僕は映画の中に完全に入り込んで観ちゃうタイプなんだけど、こんな怖い映画だったかな、ってくらい怖かった。もうずっと体が震えっぱなしだし、口がカラカラになってノドの奥がくっついてしまい、ペリペリはがさなくちゃならないような状態になってしまった。で、すごくイイ。美しいし映画としてうますぎる。歴代映画のベストに選ぶ人が多いのもうなずけるなあ、と。
で、Wikipediaを見てみたところ、衝撃の事実が。「ゴッドファーザー」は1972年公開。マーロン・ブランドは1924年生まれ(2004年没)。ということは、ヴィトー・コルレオーネを演じたブランドはまだ48歳の若さだったのだ! 1970年の映画制作開始時には、今の僕と同じ46歳ってことになる。同じく現在46歳のトム・クルーズがヴィトーを演じるみたいなもんだよ。

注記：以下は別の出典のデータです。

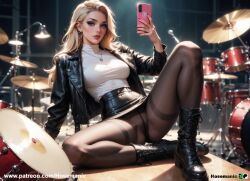 ai_generated blonde_hair boots leather_jacket leather_skirt pantyhose tights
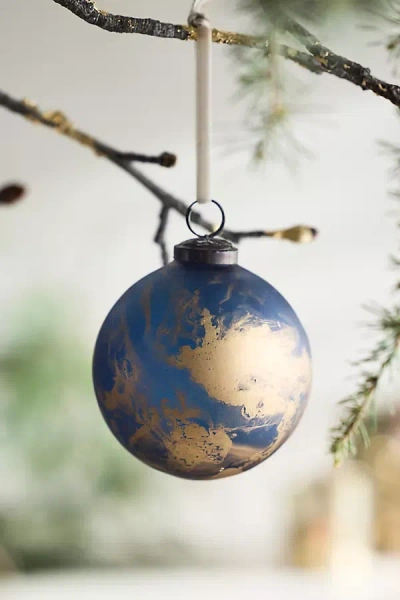 Terrain Matte Blue Marble Globe Ornament
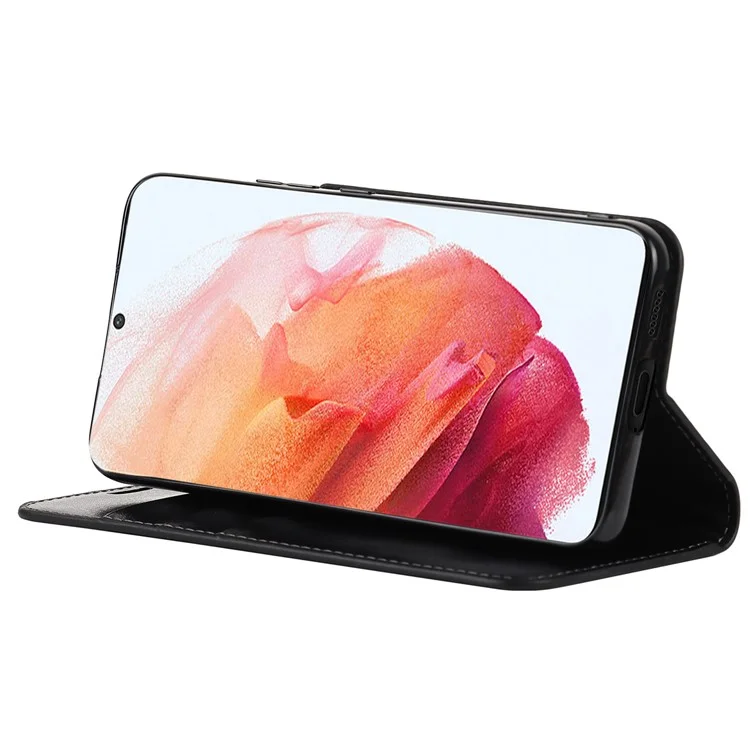 Drop Resistant Crazy Horse Texture Genuine Leather Magnetic Auto Closing Cover Stand Flip Wallet Case for Samsung Galaxy S22 5G - Schwarz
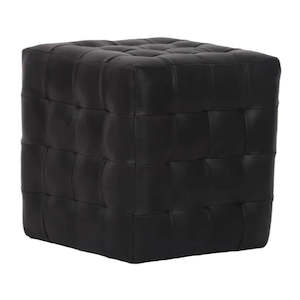 Ottomans Pouf: Cube Leather Ottoman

いや〜、まいった。冒頭で結婚式の裏でいろいろ相談を受けるシーンでは、肌がツヤツヤしてて意外に若いのかな? と一瞬思ったんだけど。「ゴッドファーザー」と聞いて思い浮かべるあの渋いブランドの顔は、60歳代後半と信じて疑わなかったものだ。

で、復活といえば、手塚治虫の話。1970年頃の時点で手塚氏はすでに過去のマンガ家と見なされており、長くヒット作が出ない状態だった。どのマンガ誌も描かせようとしない。少年チャンピオンの編集者が大御所に最後の花道として用意したのが「ブラック・ジャック」の連載枠だったそうだ。これの大ヒットで手塚治虫は大復活を遂げ、おかげで偉大なマンガ家としての地位を不動のものにできたとのことです。1973年のBJ連載開始時点で45歳。

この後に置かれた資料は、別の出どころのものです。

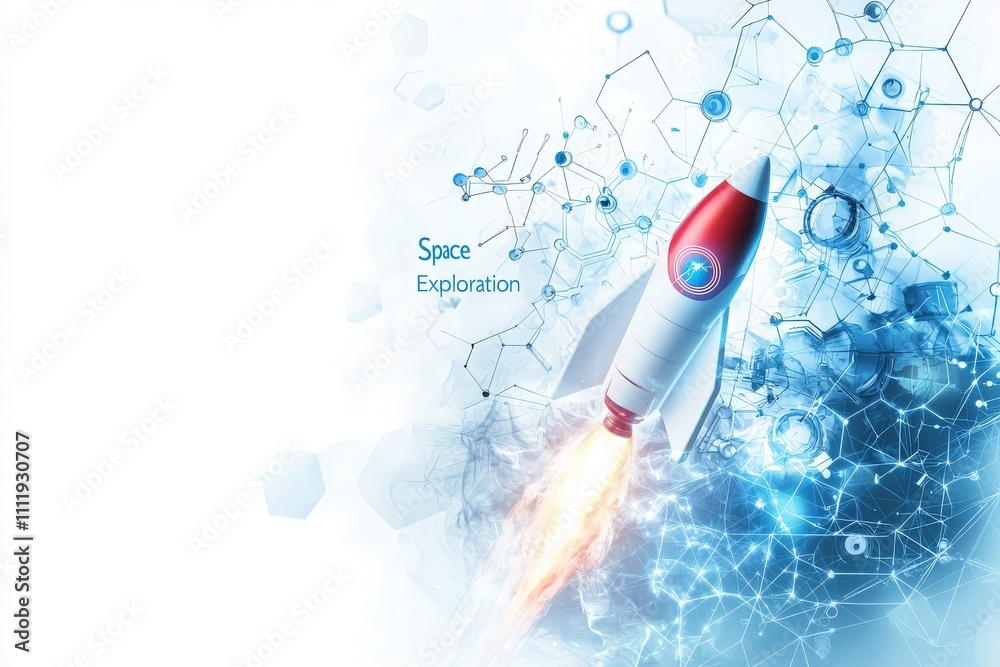 A rocket takes off against a backdrop of digital elements, symbolizing the theme of space exploration and technological advancement. The dynamic flames add a sense of motion and energy.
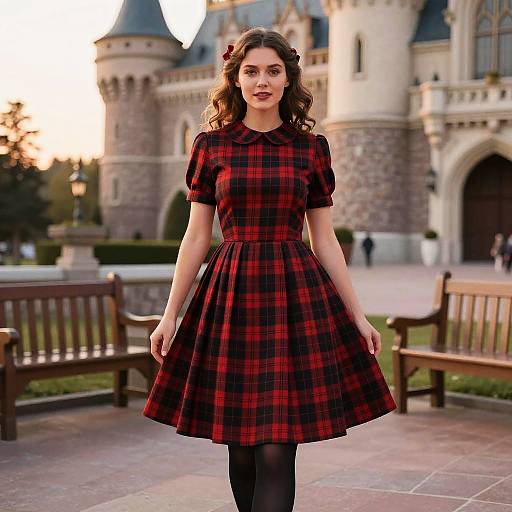 Svelte Woman in Preppy Plaid Dress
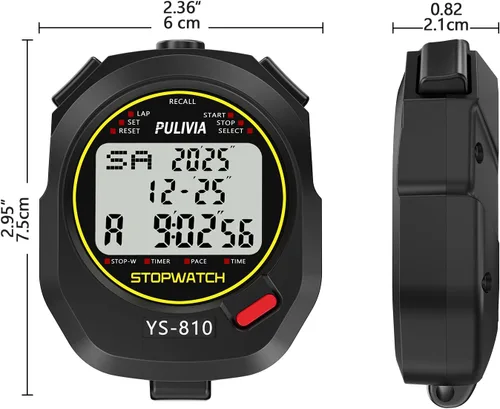 Vista 6 de Cronómetro Deportivo Temporizador con Memoria de 10 Vueltas Divididas Reloj Digital de Parada, Temporizador de Cuenta Regresiva Modo de Ritmo Reloj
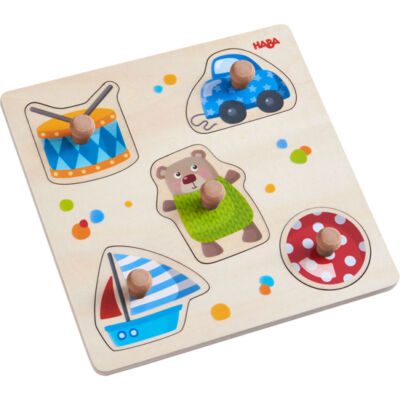 haba-fogantyus-puzzle-allatok formaillesztő játék formakereső játék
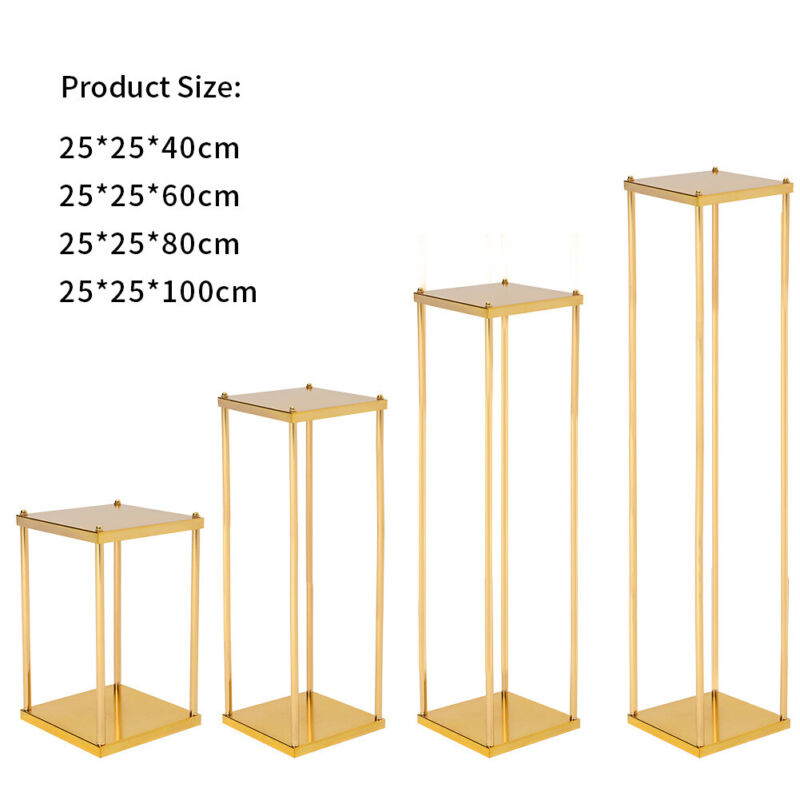 Metal Flower Rack Wedding Party Art Geometric Column Vases Stand Top Props Decor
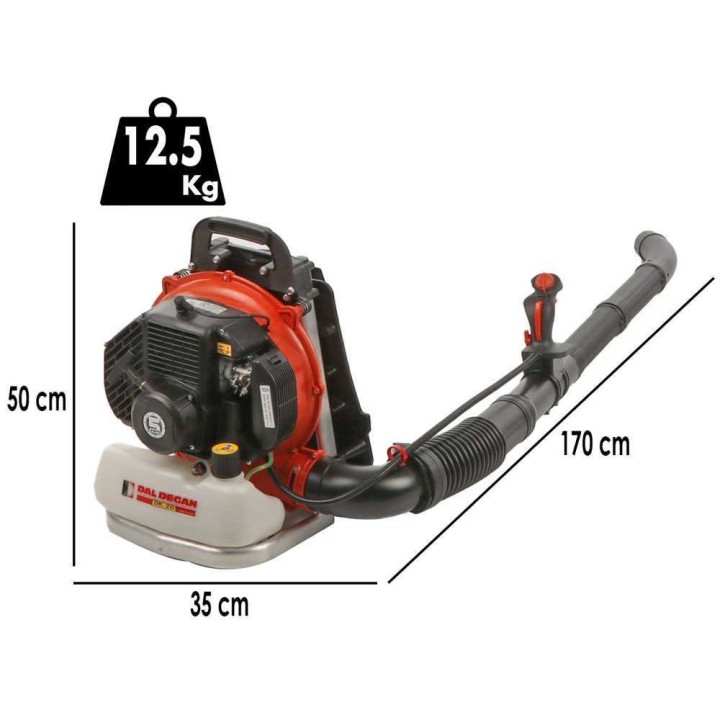Dal Degan DK201 selkäpuhallin, 80 cm³, 5 HP, 310 km/h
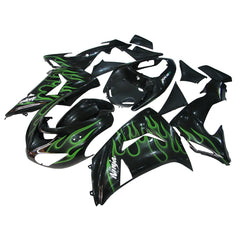 Kawasaki ZX-10R 2006-2007 Green Flame tail fairing side panel without logos-image 1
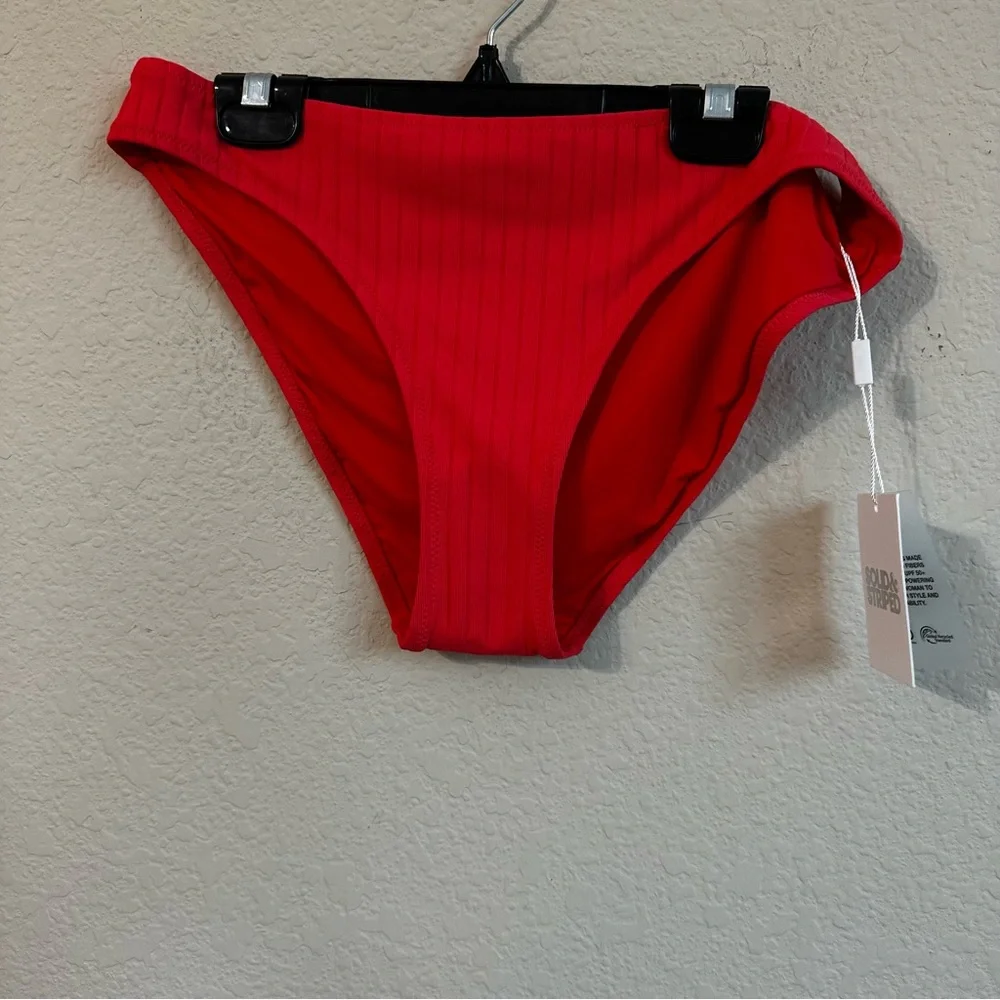 SOLID & STRIPED Bikini Bottom Red Coral Hipster Ribbed Swimsuit Swim Rachel NWT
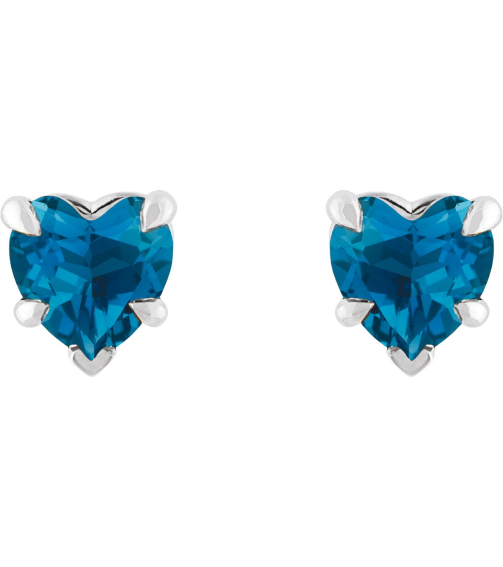 88090 Earring Set Natural London Blue Topaz Heart 5 X 5 Mm 14K White Pair Friction Backs Included Polished Natural London Blue Topaz 5-Claw Prong Earrings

かと思えば、それまではイマイチ地味な作家だったのに、1988年のアニメ開始でブレイクした時69歳の、やなせたかし氏とかいるしね〜。42歳でマンガ誌デビュー後、ブレイクしっぱなしの水木しげる氏とかも。まあ、いろいろか。まだブレイクも落ち目も復活もしてない僕としては、なんか希望が持てる話ではあります。

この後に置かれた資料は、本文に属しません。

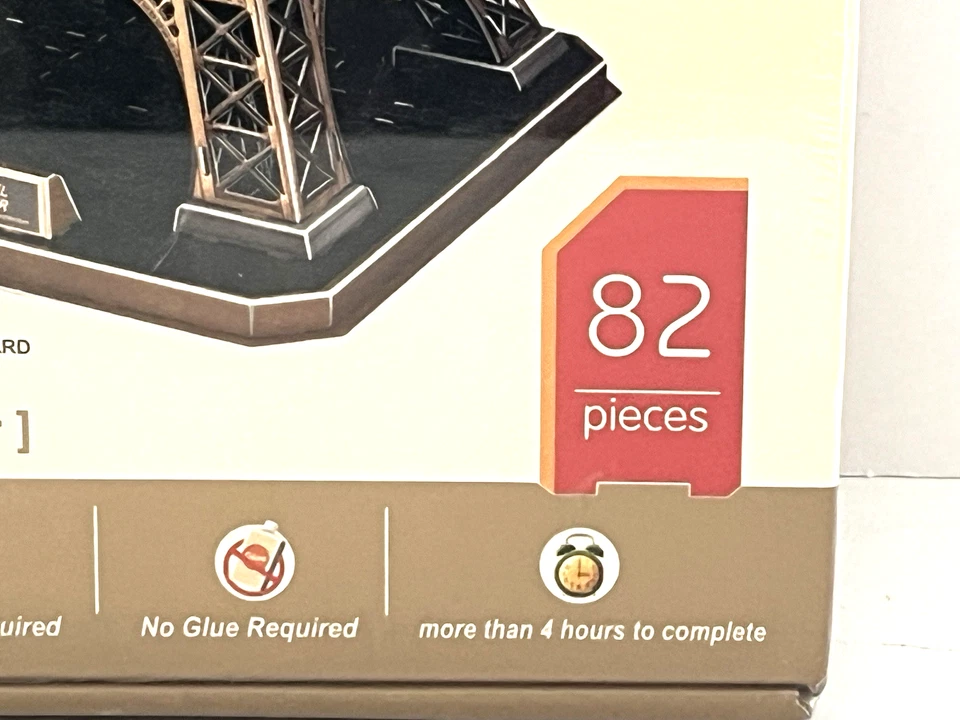 NEW Eiffel Tower 3D Cubic Puzzle 82 Pieces Brand New Factory Sealed w/ Info Book - Image 3 of 4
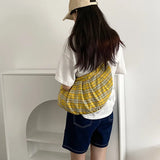 Yellow Checkered Handbag Ruched Handle Purse With Zipper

【吉井 宏/イラストレーター】 hiroshi@yoshii.com
昔観た映画を今観るとぜんぜん印象がちがう。いろいろ観直したくなってきた。ところで、1980年に「カリオストロの城」を観るまで、自分はアニメオタクだと思い込んでいた。でも、夢中になっていたのは宮崎駿が関係する作品ばかりなことに気がついたのでした。実は宮崎オタクだった。マーロン・ブランドのCGでの復活は実際やった役だからおいとくとしても、コマーシャルに故人の俳優や有名人文化人を使うのって、本人の了解も得られないのに良くないんじゃない? と思います。もうちょっとCG技術が進んだら、過去の有名俳優が新作映画にどんどん出演するようになるんだろうな、ギャラ次第で。倫理問題はどうなる? 楽しみでもあるんだけど。ところで全然関係ないけど、Adobe CS4、アップグレードできなくなるぞと不安をあおる某広告が鼻につく。あれはぜったい逆効果だと思うぞ。